RGIFE User Guide
Overview
RGIFE is a feature reduction heuristic for the identification of small panels of highly predictive biomarkers. The heuristic is based on an iterative reduction paradigm: first it trains a classifier, then it ranks the attributes based on their importance and finally it removes attributes in block. RGIFE is designed to work with large-scale datasets and identifies reduced set of attributes with high classification power.
Installation
System requirements
RGIFE is written in Python. To run RGIFE the following libraries need to be installed:
- NumPy (BSD Licence)
- SciPy (BSD Licence)
- Scikit-learn (BSD Licence)
Download
Before you start, you need to download RGIFE source code.
Basic configuration
In the RGIFE folder there is an example configuration file - configuration.conf
:
[parameters]
block_type = RBS
validation: 10CV
cv_schema = DB_SCV
repetitions = 1
different_folds = no
tolerance_samples = 1
metric = accuracy
trees = 3000
max_depth = 5
cs_rf = yes
misclassification_cost = 1,1
missing_values = no
categorical_attributes = no
RGIFE parameters
- block_size: (RBS, ABS). RBS indicates the relative block size where the number of removed attributes is relative to the size (attributes) of the dataset being analysed. If ABS is used the block size is relative to the original number of attributes.* Default value: RBS.
- validation: (10CV, LOOCV). The validation schema that can be 10 cross fold validation or leave-one-out. Default value: 10CV.
- cv_schema: (SCV, DB_SCV). SCV indicates a standard stratified cross fold validation. DB_SCV implements the Distribution-balanced SCV presented in Zeng2000. Default value: DB_SCV.
- repetitions: (int value). The number of repetitions of the validation schema. Default value: 1.
- different_folds: (yes, no). Re-generate the folds for the validation schema every repetition. Default value: no.
- tolerance_samples: (int value). Number of misclassified samples (more than the reference iteration) to identify a soft fail. Default value: 1.

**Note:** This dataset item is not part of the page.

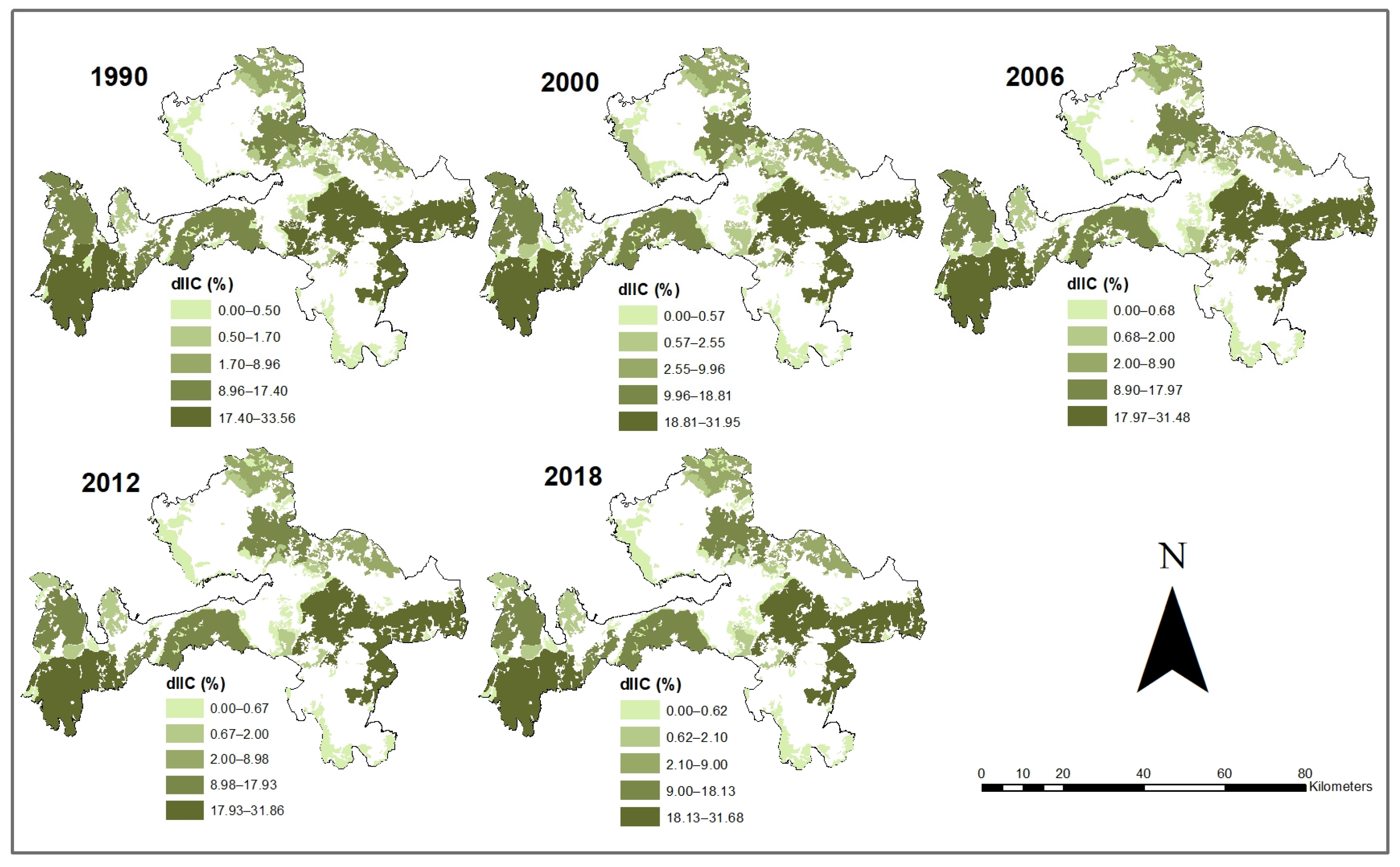 Sustainability 17 02407 g005 Sustainability 17 02407 g005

- metric: (accuracy, robust_accuracy, gmean, fscore, auc). Metric to assess the performances of the classifier. The accuracy calculates the average correct samples across the folds, while robust_accuracy divides the (overall) corrected samples by the total number of samples. auc computes the AUC for each fold and return the average value, while overall_auc computes a single AUC considering the predicted probabilities of the whole set of test samples. Default value: accuracy.
Random forest parameters
- trees: (int value). The number of tree to be used by the random forest. Default value: 3000.
- max_depth: (int value). The maximum depth of the trees used in the random forest. If None, then nodes are expanded until all leaves are pure. Default value: None.
- cs_rf: (yes, no). Cost sensitive learning for the random forest. Default value: no.
- misclassification_cost: (int values comma separated). Cost for the misclassification of each class. A value for each class is required.This parameter is considered only if cs_rf = yes. Default value: 1,1.
Pre-processing parameters
- categorical_attributes: (yes, no). The dataset contains categorical values. If yes, all the categorical attributes are binarised. Default value: no.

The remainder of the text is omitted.